Oh for the Love of Sticky Notes! The Changing Role of Evaluators Who Work with Foundations
Julia Coffman, Center for Evaluation Innovation, April 2016
There I was, stuffing sticky notes and Sharpies into a Ziploc bag. And staring back at me, in sharp neon relief, was the realization that my job as an evaluator had changed. Big time.
But before I get to that, let me offer some background. While I haven’t done any scientific research on this, I’ve done a good amount of asking around. And I’d posit that if you mapped the personality types of evaluators, a pretty sizable chunk would fall into what the Myers-Briggs Type Indicator® personality inventory calls the INTJ type.

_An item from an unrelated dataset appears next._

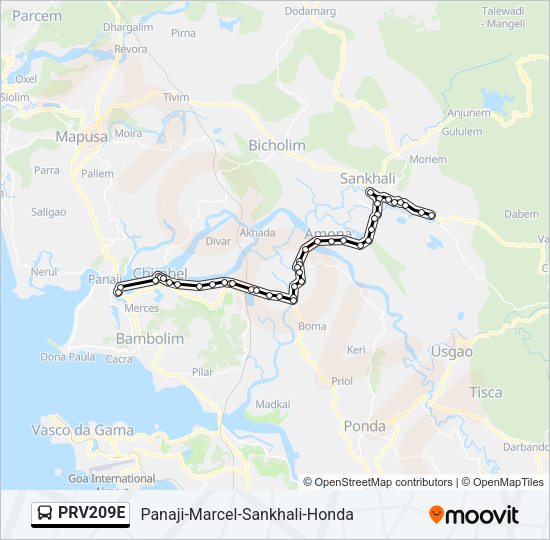 PRV209E Bus Line Map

The letters stand for Introversion, Intuition, Thinking, and Judging. I’d guess the percentage of evaluators who are INTJs (one of 16 possible personality types) is way higher than the nationwide average of 2–4 percent of the population.
I am an INTJ.
INTJs, according to the folks who study this, are analytic and original thinkers who prefer to work alone. We are at our best when we can quietly develop our ideas, theories, and principles. We like things to be pragmatic and logical. We quickly see patterns and develop long-range explanatory perspectives. We are skeptical and independent, and have high standards of competence and performance.
All seemingly decent traits for evaluators to have.
Now let me put this into some work-related terms. As an INTJ, my personal list of likes and dislikes about meetings and conferences looks like this.
You get the idea. So let’s go back to where we started, which was me sitting in front of the office supply cabinet, weighing the advantages and disadvantages of 3x3 versus 3x5 sticky notes, and vacillating on how many colors to bring. Should I bring the markers that smell good too? People really like those, especially the red one. Cherry…mmm.
How did this happen? How did I come to the point where I was creating what my colleague calls, a facilitation “go-bag?” Did I mention that I hate sticky note exercises? (I did, see above.)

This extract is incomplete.